Gold/Silver & Copper Ratios: The GSR is doing its job to pressure markets as USD stumbles. In this case it is the GSR and YCT (Yen Carry Trade). The Gold/Copper ratio is extremely strong and flashing very negative things for the economy and markets, whether sooner (as in the current correction) or later (as in a bear market starting in the coming months).
US Stock Market
The question is still open. Summer correction to clear the pipes for a drive into Q4, or the start of the bear market? Our favored plan is the former, but I certainly respect the latter.
The SPX daily chart holds mixed messages. On the bearish side, it could be in a bear flag as it rises on declining volume in the short-term. Oversold RSI has reset to near its EMA 20. It was oversold and a bounce was going to happen sooner or later. It is happening now. Resistance is just above, beginning at 5397, where the declining EMA 20 (dotted line) meets short-term lateral resistance. Finally, there is still an open downside gap at 5073.
On the positive side of the ledger, there are two upside gaps that can fill. The lower can fill and still hold below the SMA 50 and generally, resistance. The upper gap would be the gateway to a next leg up scenario. Other positives are the market’s trends, which are up on all but short-term time frames, as you can see by the SMA 50 and SMA 200. Finally, if this was an A-B-C correction within an uptrend it has done what it needs to do, with the heavy ‘C’ leg down having been the low.
Yet all this can be called to this point is a bounce. Before long, SPX should select one of the above options. Right now it’s a tough call. SPX could make a marginal new low without entering a bear market. The bear market signal is the April 19 low of 4953.

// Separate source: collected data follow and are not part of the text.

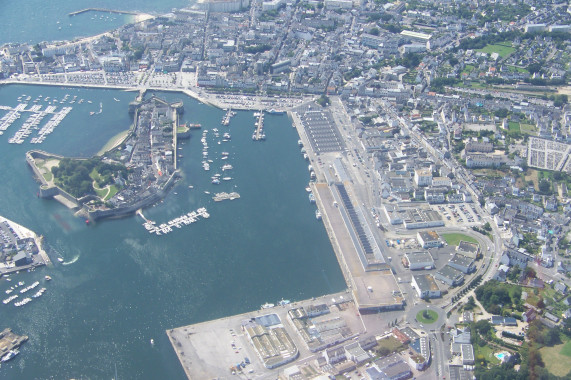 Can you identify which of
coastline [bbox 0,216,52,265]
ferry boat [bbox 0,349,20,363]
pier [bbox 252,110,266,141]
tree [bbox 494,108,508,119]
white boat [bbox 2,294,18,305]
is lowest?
ferry boat [bbox 0,349,20,363]

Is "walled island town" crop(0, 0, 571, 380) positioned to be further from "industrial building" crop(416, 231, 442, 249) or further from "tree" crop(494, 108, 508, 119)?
"tree" crop(494, 108, 508, 119)

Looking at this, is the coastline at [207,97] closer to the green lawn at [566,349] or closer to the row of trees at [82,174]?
the row of trees at [82,174]

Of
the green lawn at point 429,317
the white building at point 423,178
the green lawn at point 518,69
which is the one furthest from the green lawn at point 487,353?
the green lawn at point 518,69

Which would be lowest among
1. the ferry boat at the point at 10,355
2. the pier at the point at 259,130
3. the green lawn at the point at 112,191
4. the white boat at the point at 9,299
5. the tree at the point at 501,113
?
the ferry boat at the point at 10,355

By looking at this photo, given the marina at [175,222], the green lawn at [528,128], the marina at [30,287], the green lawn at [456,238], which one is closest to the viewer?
the marina at [30,287]

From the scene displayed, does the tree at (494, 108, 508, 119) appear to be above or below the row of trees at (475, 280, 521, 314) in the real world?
above

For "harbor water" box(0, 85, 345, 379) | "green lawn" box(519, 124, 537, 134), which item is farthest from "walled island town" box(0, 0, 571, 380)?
"harbor water" box(0, 85, 345, 379) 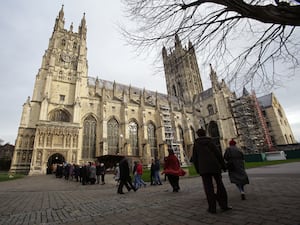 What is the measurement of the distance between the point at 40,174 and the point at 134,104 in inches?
711

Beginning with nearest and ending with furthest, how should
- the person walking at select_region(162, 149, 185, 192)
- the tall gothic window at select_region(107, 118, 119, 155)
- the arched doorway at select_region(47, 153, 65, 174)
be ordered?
the person walking at select_region(162, 149, 185, 192)
the arched doorway at select_region(47, 153, 65, 174)
the tall gothic window at select_region(107, 118, 119, 155)

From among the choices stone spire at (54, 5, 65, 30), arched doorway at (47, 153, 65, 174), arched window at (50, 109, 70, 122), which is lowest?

NDX filled its downside gap, unlike SPX. It is bouncing to try to fill the first upside gap with some resistance at that gap area and clear resistance at the SMA 50 (19402). Above that reside two more gaps that were left as first the machines, and then the herds sold big Tech stocks hard. As with SPX, all this can be called so far is a bounce.

The Semiconductor index has not even taken out initial resistance yet as RSI resets to its EMA 20. SOX avoided a bear market signal by the hair of its chinny chin chin. Since we have viewed SOX as the market leader much more often than not since 2013, I see no reason not to continue doing so at this time. The correction so far has been a hard sell down on a cyclical sector that has its hands in everything from smart devices to medical equipment to war machines.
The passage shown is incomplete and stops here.